As of Oct. 25, Wright said she and Lee had raised $9,000 to pay for their event. They need to raise $11,000 to break even, according to the event’s Facebook page. Nearly 5,000 people had joined the L.A. rally’s Facebook group. Wright said she expects thousands of people to come out on Oct. 30, a number she can’t quite fathom.

“We definitely have been surprised by what it’s turned into,” Wright said. “We thought it would be a couple hundred people hanging out at the Federal Building with some signs.”

The rally will last from 9 a.m. to 2 p.m., according to the Facebook page, with the first three hours devoted to a live feed via a Jumbotron screen and the last two hours filled with comedians and speakers (Wright had not yet confirmed the lineup as of press time). In the spirit of Colbert’s March to Keep Fear Alive, a large group of people will dance to Michael Jackson’s “Thriller” during the Los Angeles rally.

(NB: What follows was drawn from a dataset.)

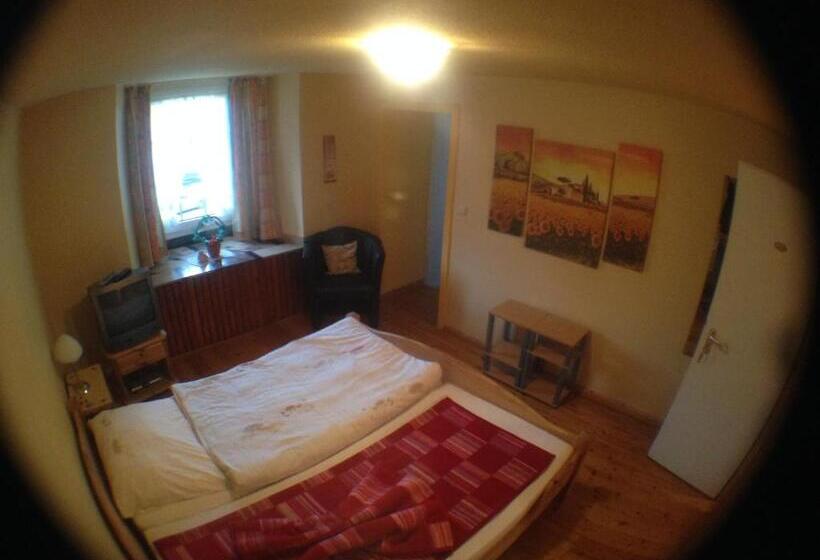 Пансион Gästehaus Burg Molbach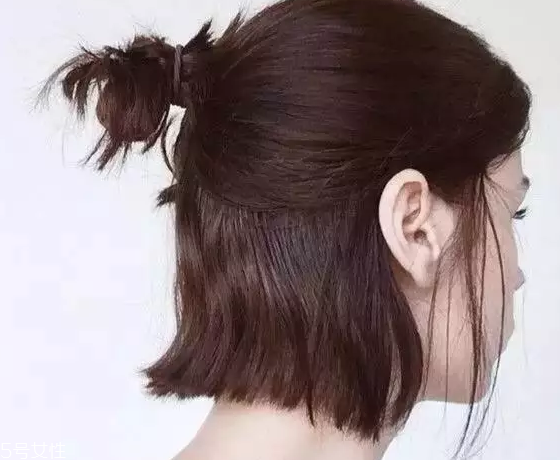 頭發(fā)短怎么扎好看？6個(gè)步驟讓短發(fā)有型又可愛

During the past two weeks, Wright and other rally organizers — a team of 15 people, she said — have scrambled to host fundraisers around the city and find a new location after a scheduling conflict at Pershing Square disrupted plans to hold the rally there. L.A. resident Linda Kasoff, who said she had donated $25 toward the rally, expressed what she thinks distinguishes the upcoming event from typical rallies.

“It feels like a peace event or an anti-war protest,” Kasoff said. “Sounds very kumbaya when I say it like that, but that’s how I feel.”